■ **Task to complete**: In the records below, the lines between the one holding "Electric sphere light" and the one holding "Creative CoOp Boho", inclusive, are to be transcribed exactly; no pictures are to be included.

■ **Task data**:
[Start of Attachment]
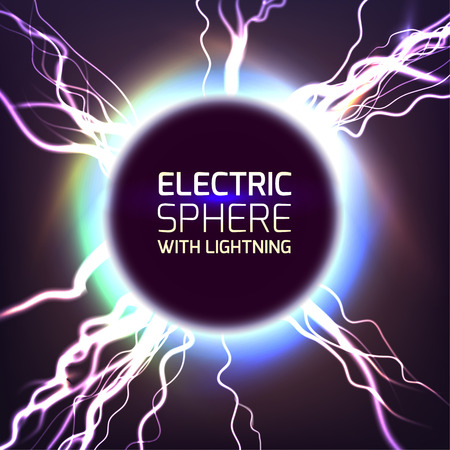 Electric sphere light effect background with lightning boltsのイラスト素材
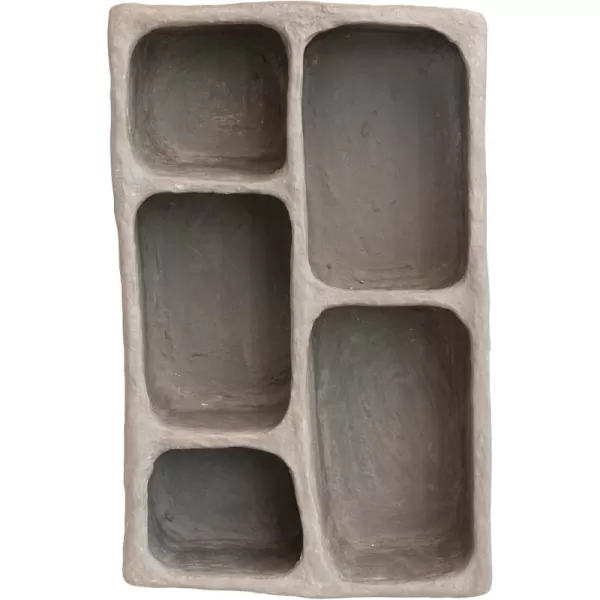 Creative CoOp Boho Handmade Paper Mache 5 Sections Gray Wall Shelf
[End of Attachment]
[Start of Attachment]
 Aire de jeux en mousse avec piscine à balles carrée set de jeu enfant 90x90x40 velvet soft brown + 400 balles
[End of Attachment]
[Start of Attachment]
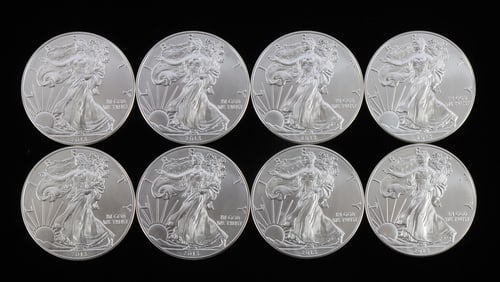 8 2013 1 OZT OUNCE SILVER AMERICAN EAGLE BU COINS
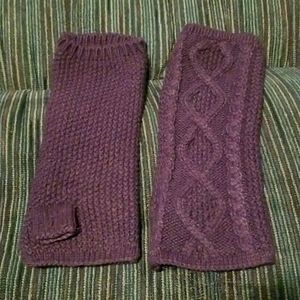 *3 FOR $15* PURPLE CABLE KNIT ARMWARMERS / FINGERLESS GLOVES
[End of Attachment]
■ **Your response**:
 Electric sphere light effect background with lightning boltsのイラスト素材
 Creative CoOp Boho Handmade Paper Mache 5 Sections Gray Wall Shelf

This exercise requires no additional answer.